European bankers will be subject to limits on bonus payments they receive starting next year, as a regulatory body of the European Union established a set of guidelines governing remuneration in order to tamp down on excessive risk-taking.

Under the new rules, set up by Committee of European Banking Supervisors (CEBS), the bankers will receive a maximum of a quarter of their bonuses in immediate cash payouts, with the remainder deferred or held in shares for three years at a minimum.

The guidelines also provide for national regulators to rescind bonuses paid to senior managers whose risks were discovered to have produced losses at a financial companies. The rules also seek a direct link between fixed salary and pay.

“An appropriate maximum ratio of the variable to fixed component is a strong and relatively uncomplicated technique for obtaining risk alignment in the remuneration structure,” CEBS stated.

The guidelines are widely seen as being tougher than those recommended by leaders of the G20.

The chairman Lloyd’s Banking Group, Win Bischoff said yesterday that regulations over banker pay should be applied equally across the globe.
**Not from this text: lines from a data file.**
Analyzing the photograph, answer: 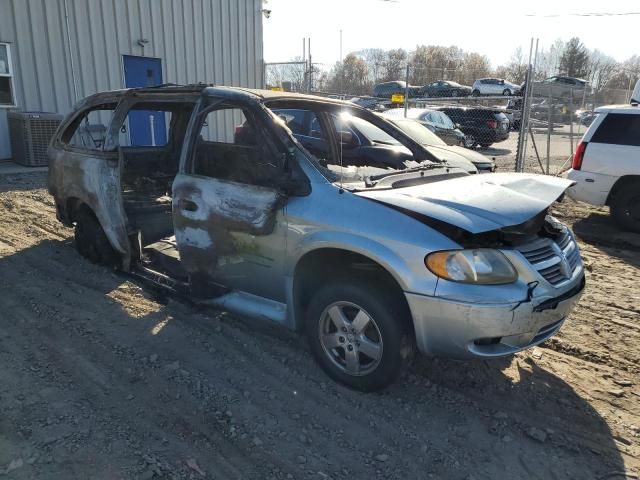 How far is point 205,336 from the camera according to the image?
3705 millimetres

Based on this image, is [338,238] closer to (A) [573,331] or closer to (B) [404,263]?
(B) [404,263]

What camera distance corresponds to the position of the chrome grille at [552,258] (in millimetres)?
2814

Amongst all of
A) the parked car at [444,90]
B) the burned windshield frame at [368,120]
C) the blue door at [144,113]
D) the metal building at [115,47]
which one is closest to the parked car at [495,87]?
the parked car at [444,90]

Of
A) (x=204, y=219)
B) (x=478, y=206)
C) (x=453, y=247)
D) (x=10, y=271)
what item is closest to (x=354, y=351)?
(x=453, y=247)

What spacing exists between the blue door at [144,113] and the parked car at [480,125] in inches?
427

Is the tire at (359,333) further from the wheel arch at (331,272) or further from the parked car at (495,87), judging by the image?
the parked car at (495,87)

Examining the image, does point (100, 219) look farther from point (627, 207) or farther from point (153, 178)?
point (627, 207)

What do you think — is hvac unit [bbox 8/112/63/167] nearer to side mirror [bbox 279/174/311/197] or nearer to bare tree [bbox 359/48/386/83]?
side mirror [bbox 279/174/311/197]

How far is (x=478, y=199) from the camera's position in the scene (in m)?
2.94

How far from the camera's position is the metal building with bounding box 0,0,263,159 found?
10.5 meters

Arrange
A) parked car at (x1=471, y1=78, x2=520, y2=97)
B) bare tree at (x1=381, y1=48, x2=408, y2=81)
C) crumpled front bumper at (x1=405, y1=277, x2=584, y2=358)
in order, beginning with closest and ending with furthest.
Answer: crumpled front bumper at (x1=405, y1=277, x2=584, y2=358) < parked car at (x1=471, y1=78, x2=520, y2=97) < bare tree at (x1=381, y1=48, x2=408, y2=81)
"It is very important to have as much as you possibly can a level playing field because you then do not distinguish between regions. Let us see what comes out," Bischoff said to Reuters.

There is concern among many European and British banks that bonus curbs on executives might prompt a massive outflow of top talent to lightly-regulated financial centers like Singapore.
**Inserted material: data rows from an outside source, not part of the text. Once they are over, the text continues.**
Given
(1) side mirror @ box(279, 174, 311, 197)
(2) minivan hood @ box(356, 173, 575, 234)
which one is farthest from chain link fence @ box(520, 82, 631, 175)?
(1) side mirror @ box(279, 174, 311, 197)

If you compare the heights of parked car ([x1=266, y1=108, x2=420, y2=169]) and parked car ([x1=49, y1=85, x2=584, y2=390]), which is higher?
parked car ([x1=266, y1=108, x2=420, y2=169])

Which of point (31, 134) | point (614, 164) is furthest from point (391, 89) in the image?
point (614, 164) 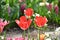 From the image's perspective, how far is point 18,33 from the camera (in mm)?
4914

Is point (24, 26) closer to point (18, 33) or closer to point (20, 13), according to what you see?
point (18, 33)

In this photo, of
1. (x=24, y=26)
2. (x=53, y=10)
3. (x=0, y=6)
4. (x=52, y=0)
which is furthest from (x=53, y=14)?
(x=24, y=26)

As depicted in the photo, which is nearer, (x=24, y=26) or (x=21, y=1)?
(x=24, y=26)

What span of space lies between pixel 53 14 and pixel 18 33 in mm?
928

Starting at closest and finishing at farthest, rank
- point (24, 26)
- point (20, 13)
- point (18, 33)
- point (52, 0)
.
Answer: point (24, 26), point (18, 33), point (20, 13), point (52, 0)

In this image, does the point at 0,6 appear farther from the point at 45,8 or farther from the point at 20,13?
the point at 45,8

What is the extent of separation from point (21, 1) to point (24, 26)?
2.89 m

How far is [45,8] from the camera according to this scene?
5586mm

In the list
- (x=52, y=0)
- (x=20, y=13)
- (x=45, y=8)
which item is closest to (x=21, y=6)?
(x=20, y=13)

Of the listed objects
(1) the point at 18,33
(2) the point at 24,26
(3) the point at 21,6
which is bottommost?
(1) the point at 18,33

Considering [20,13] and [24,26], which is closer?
[24,26]

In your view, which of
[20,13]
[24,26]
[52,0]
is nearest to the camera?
[24,26]

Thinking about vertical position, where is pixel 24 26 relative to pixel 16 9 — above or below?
above

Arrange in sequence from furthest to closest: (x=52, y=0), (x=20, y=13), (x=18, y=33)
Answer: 1. (x=52, y=0)
2. (x=20, y=13)
3. (x=18, y=33) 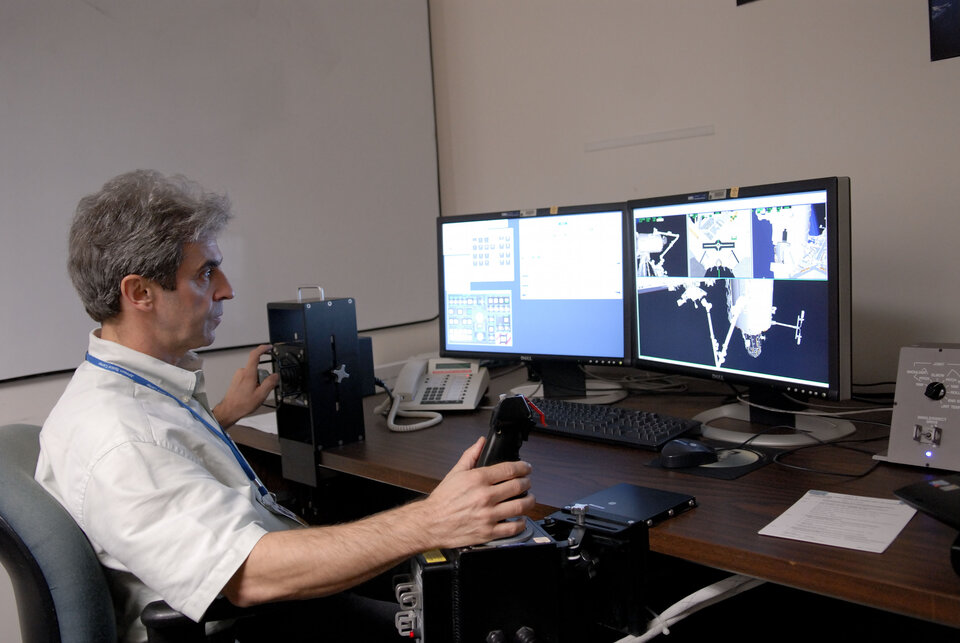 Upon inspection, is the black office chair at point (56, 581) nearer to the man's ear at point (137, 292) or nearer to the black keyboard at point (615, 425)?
the man's ear at point (137, 292)

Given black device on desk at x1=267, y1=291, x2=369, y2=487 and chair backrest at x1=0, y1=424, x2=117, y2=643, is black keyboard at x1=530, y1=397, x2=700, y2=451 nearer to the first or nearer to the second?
black device on desk at x1=267, y1=291, x2=369, y2=487

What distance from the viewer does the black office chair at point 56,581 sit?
100 cm

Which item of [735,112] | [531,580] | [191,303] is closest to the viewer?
A: [531,580]

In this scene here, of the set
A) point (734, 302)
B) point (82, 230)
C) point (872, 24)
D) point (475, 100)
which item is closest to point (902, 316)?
point (734, 302)

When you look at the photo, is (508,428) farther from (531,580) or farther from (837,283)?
(837,283)

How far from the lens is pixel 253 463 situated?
6.48 ft

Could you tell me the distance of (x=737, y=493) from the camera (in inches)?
46.4

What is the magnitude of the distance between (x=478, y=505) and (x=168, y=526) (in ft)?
1.36

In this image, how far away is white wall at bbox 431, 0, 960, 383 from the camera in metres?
1.72

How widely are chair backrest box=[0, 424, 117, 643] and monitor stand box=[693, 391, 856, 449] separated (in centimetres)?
112

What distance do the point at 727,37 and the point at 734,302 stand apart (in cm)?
90

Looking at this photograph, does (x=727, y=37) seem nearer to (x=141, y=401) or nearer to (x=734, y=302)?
(x=734, y=302)

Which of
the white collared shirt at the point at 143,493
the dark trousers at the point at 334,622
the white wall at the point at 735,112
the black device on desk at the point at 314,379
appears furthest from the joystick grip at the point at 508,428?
the white wall at the point at 735,112

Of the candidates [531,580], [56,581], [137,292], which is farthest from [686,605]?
[137,292] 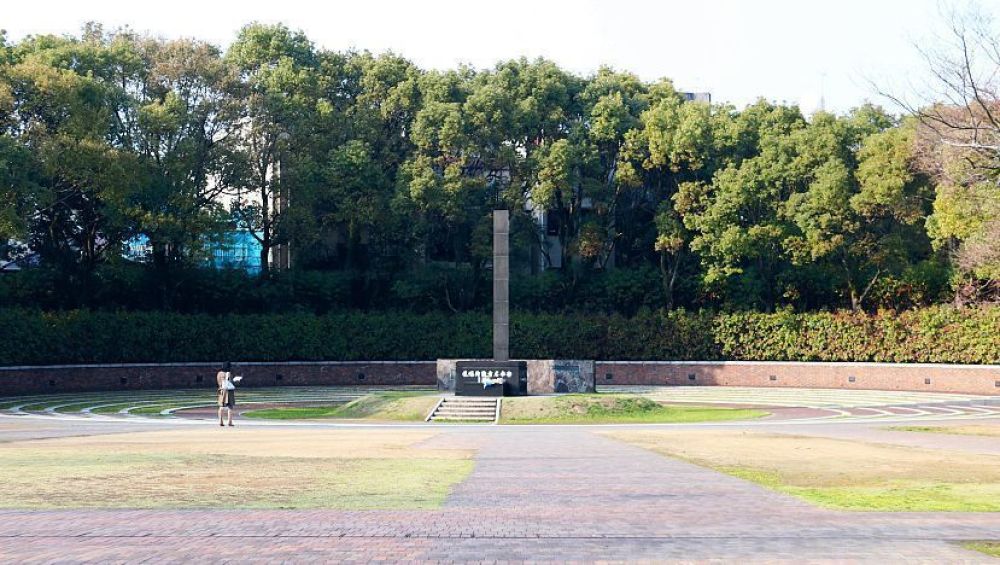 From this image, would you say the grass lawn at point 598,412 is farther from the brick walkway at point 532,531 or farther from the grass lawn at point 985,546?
the grass lawn at point 985,546

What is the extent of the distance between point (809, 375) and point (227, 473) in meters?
41.1

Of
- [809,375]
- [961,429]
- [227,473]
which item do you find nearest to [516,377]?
[961,429]

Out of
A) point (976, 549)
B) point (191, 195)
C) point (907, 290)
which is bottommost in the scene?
point (976, 549)

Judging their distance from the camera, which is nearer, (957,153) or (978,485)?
(978,485)

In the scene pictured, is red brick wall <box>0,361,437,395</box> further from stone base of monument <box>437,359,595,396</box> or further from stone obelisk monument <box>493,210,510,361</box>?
stone obelisk monument <box>493,210,510,361</box>

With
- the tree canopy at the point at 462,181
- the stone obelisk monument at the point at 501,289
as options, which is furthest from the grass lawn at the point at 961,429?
the tree canopy at the point at 462,181

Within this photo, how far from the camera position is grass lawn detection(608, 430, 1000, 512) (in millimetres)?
16953

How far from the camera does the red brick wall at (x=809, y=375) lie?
52531 millimetres

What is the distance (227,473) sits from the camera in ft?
66.3

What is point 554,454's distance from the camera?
2466 cm

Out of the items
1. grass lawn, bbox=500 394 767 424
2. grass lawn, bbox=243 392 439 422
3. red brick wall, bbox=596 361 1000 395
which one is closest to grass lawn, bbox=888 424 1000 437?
grass lawn, bbox=500 394 767 424

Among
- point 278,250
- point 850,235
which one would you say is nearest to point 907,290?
point 850,235

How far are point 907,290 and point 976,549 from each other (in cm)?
4789

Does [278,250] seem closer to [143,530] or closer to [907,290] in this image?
[907,290] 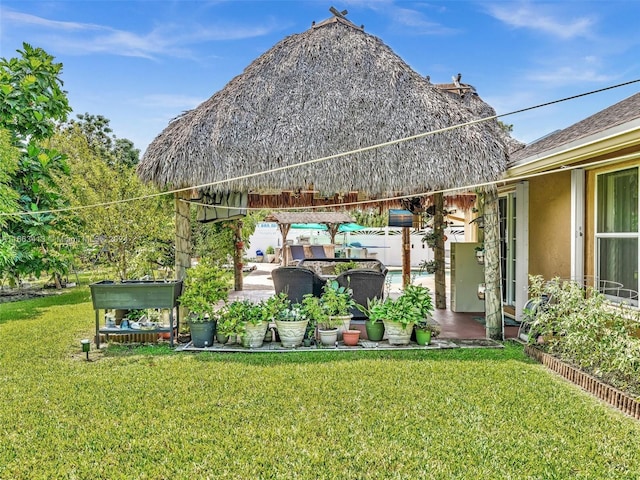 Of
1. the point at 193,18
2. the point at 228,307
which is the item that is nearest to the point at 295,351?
the point at 228,307

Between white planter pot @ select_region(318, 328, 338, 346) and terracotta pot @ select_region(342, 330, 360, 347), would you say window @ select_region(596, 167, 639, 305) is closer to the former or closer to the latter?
terracotta pot @ select_region(342, 330, 360, 347)

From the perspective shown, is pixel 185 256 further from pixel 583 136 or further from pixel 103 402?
pixel 583 136

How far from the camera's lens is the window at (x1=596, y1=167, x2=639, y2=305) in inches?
197

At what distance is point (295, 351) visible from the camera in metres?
6.22

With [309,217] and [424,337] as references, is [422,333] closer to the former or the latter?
[424,337]

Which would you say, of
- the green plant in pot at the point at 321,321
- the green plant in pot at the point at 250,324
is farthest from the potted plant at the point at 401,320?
the green plant in pot at the point at 250,324

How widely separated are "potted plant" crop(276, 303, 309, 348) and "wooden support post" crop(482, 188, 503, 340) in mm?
2813

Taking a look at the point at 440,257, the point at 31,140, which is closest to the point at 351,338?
the point at 440,257

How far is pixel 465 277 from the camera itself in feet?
30.0

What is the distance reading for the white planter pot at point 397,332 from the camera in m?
6.39

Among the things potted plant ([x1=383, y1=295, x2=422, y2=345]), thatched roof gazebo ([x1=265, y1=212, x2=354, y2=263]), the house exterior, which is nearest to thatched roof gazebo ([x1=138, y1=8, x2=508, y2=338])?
the house exterior

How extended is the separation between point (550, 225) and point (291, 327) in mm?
4118

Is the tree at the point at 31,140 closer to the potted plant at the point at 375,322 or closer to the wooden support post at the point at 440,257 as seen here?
the potted plant at the point at 375,322

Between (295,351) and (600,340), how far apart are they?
3.60 meters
Meanwhile, in Ireland, politicians are seeking to impose a 90 percent “super-tax” on bank bonuses after an outcry over huge payouts (in excess of 40-million euros) were handed out to bankers at Allied Irish Bank (NYSE: AIB).

Finance Minister Brian Lenihan told a radio station that he is prepared to introduce an amendment to the government’s finance bill to apply the tax on bonus payments.
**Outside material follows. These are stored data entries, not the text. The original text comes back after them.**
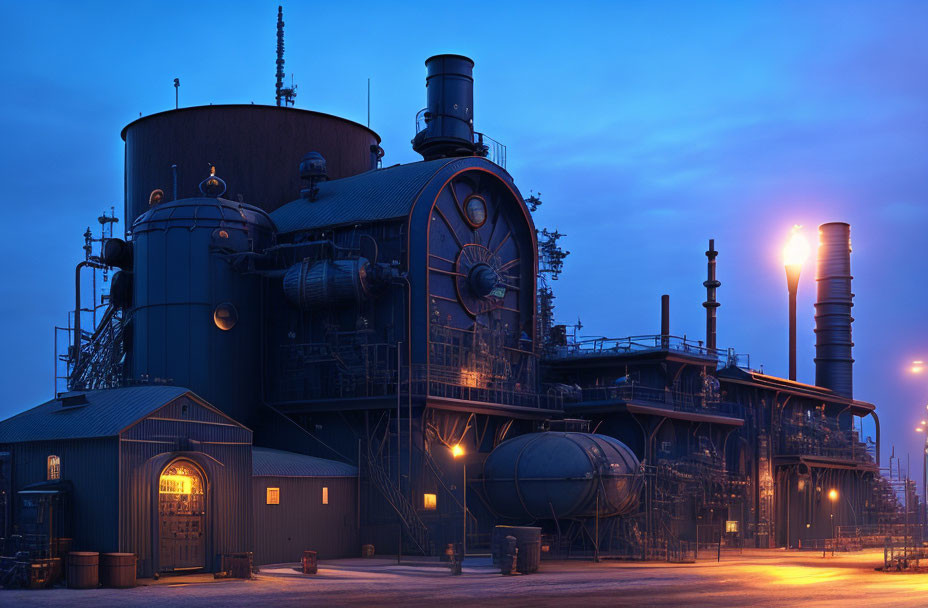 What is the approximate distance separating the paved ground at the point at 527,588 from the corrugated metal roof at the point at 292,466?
3521 millimetres

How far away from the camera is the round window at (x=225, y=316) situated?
48.8 meters

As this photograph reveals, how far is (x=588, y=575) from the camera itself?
38625 mm

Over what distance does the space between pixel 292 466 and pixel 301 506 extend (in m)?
1.53

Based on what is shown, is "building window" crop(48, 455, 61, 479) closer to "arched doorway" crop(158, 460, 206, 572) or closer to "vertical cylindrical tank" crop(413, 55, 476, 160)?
"arched doorway" crop(158, 460, 206, 572)

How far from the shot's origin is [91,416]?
36156 mm

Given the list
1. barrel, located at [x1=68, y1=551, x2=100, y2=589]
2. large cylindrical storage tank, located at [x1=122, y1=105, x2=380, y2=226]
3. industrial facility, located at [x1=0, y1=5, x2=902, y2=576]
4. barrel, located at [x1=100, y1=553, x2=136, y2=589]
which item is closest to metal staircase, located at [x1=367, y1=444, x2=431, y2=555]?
industrial facility, located at [x1=0, y1=5, x2=902, y2=576]

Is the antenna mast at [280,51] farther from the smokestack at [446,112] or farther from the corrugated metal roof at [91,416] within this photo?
the corrugated metal roof at [91,416]

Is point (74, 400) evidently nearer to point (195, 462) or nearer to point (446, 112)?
point (195, 462)

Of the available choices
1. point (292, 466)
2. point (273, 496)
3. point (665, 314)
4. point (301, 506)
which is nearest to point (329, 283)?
point (292, 466)

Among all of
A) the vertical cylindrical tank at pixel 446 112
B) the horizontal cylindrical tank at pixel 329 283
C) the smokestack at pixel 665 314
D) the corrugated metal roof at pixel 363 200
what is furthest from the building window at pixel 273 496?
the smokestack at pixel 665 314

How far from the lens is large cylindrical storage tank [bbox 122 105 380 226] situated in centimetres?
5644

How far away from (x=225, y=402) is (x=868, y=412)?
5375 cm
Outrage is mounting in Ireland over bonuses being paid to employees of a failed bank that is receiving huge cash bailouts from the government.

"This move by the AIB is extraordinary and people across the country will be gobsmacked by their behavior," said Paula Clancy, director of the Thinktank for Action on Social Change

In response to the tumult, AIB said that it is being forced to pay bonuses after one of its traders filed legal action against it.

The Irish Banking Officials Association has requested that AIB staff defer the payments until the bank was profitable again.

"They have a responsibility to look at the overall interests of everybody, not just themselves," said IBOA general secretary Larry Broderick.

Lenihan stated yesterday that he didn’t think bonuses would not be sanctioned until banks were again profitable and generated returns for the taxpayer.